Action item
Within the listing below, filter for "изображение" and copy every matching line.

Exercise inputs
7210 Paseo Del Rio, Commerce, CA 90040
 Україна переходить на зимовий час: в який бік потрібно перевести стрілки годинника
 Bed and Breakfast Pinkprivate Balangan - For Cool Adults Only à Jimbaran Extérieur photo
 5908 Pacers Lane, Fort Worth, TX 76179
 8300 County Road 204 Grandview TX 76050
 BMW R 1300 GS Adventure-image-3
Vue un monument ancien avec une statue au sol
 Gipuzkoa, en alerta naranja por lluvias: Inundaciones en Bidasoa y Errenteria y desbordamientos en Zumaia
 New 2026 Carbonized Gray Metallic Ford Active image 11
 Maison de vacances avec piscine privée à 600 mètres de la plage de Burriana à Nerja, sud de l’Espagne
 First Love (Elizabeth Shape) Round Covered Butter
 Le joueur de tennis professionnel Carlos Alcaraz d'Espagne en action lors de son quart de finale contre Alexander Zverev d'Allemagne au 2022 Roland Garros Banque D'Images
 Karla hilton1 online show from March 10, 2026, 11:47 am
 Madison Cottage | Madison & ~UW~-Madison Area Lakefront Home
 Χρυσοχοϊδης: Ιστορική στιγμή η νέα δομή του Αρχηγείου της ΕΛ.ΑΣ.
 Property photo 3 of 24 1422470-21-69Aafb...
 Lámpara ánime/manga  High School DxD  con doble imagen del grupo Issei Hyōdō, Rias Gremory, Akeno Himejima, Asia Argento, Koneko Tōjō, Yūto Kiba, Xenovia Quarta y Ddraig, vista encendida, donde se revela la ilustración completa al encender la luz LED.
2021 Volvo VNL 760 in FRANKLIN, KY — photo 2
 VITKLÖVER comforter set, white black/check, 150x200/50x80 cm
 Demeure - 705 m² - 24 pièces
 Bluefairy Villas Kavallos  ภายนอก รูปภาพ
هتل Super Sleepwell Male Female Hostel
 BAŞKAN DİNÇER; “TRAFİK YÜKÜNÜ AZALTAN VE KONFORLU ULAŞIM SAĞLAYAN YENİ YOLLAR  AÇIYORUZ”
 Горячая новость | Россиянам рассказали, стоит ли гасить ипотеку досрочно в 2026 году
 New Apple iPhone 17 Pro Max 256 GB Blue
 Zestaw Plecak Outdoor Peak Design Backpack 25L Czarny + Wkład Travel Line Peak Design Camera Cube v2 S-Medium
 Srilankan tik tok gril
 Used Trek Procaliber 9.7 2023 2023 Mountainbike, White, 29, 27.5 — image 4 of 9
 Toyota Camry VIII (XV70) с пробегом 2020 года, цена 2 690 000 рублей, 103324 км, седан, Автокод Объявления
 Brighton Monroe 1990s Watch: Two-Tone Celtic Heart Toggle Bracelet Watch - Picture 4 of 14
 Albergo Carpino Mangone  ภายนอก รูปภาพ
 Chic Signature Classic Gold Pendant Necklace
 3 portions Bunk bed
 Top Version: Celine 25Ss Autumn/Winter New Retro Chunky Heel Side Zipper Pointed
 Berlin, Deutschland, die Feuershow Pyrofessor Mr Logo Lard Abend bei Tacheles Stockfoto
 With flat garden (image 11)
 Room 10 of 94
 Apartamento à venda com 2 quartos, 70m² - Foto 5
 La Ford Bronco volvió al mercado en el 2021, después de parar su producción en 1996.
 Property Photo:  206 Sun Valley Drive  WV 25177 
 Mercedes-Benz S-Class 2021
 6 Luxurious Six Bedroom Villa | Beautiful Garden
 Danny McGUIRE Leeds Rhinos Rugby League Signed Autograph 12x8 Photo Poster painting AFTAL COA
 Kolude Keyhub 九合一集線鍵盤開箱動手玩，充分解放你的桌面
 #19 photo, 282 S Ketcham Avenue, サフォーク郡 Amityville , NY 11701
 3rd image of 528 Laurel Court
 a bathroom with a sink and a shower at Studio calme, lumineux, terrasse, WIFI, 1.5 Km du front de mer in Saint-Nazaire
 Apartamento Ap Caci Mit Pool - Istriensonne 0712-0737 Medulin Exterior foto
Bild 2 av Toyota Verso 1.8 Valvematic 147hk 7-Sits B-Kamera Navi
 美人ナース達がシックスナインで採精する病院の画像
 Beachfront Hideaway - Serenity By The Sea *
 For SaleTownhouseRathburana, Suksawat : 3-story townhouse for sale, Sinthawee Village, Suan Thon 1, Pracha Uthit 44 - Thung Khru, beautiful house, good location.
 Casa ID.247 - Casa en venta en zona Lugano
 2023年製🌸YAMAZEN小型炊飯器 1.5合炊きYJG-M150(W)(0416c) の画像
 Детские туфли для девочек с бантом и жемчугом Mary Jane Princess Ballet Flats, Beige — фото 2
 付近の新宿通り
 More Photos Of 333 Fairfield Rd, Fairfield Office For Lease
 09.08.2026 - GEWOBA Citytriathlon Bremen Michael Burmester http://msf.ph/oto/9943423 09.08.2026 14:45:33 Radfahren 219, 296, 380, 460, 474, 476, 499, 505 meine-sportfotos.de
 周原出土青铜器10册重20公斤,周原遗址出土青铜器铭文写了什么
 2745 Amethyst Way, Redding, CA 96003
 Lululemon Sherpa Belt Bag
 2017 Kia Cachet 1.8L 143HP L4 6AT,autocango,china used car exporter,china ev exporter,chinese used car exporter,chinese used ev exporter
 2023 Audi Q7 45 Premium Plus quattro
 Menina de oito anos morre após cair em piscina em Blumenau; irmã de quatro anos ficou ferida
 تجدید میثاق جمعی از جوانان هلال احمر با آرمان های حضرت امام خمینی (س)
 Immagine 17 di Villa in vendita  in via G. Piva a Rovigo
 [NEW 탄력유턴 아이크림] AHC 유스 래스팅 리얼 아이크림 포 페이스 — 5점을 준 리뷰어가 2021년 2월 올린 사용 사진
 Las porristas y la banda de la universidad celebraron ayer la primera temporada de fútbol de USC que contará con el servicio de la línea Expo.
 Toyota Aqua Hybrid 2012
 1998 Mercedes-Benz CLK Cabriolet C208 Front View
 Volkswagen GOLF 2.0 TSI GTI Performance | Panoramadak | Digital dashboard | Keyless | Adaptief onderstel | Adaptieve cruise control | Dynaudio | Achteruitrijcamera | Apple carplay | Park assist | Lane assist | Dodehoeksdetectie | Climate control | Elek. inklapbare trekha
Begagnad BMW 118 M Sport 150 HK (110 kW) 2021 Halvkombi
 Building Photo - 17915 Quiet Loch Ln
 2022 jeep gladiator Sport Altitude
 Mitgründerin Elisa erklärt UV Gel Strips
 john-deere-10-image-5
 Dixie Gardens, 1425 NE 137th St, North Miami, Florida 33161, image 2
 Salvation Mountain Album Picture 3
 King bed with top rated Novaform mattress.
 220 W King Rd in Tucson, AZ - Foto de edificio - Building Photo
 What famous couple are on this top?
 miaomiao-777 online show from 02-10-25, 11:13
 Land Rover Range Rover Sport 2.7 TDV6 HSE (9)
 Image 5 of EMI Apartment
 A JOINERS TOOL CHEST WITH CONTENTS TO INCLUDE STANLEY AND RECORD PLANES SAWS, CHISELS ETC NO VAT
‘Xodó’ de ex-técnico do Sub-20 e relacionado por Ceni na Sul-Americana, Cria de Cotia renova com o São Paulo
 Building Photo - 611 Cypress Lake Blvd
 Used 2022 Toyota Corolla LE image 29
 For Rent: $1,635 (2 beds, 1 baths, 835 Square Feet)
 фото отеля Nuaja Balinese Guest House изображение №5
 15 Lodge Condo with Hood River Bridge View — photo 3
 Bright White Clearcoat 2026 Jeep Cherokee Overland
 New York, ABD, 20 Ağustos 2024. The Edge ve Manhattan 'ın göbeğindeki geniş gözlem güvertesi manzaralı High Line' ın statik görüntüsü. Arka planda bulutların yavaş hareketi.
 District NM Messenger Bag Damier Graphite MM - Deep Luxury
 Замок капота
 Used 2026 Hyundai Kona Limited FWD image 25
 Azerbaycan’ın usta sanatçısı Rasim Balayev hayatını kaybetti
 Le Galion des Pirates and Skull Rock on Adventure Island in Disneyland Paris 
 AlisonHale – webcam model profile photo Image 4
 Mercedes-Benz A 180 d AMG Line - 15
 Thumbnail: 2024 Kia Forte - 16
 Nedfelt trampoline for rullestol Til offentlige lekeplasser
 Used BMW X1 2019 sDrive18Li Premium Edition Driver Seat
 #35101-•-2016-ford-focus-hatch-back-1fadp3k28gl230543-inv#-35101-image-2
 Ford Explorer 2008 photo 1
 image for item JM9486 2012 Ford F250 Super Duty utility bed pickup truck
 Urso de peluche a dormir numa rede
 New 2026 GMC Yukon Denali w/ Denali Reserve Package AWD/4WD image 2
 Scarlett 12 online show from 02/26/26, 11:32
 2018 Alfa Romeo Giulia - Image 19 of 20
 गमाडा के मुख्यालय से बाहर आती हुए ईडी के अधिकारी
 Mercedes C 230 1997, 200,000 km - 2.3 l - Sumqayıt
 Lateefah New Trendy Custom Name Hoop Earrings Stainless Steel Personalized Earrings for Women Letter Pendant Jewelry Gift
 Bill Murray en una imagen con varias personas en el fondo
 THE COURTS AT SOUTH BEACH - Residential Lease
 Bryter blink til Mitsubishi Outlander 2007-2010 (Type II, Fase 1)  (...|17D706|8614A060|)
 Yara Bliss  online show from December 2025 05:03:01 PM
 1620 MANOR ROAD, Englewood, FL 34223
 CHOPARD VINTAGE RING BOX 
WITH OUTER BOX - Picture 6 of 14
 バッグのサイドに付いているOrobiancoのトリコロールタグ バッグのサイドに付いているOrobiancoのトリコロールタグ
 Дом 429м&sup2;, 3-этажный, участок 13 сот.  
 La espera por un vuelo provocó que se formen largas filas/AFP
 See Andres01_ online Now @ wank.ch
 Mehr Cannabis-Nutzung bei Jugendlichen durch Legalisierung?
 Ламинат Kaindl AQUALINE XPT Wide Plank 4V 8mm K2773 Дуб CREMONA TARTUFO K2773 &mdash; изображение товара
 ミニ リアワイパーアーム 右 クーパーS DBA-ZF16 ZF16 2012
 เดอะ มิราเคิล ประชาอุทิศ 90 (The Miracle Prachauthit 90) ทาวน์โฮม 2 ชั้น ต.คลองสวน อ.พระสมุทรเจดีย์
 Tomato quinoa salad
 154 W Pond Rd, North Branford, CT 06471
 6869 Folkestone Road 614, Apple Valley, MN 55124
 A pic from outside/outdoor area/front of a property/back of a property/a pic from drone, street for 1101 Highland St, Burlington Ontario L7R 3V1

Solution to this exercise
 фото отеля Nuaja Balinese Guest House изображение №5
 Ламинат Kaindl AQUALINE XPT Wide Plank 4V 8mm K2773 Дуб CREMONA TARTUFO K2773 &mdash; изображение товара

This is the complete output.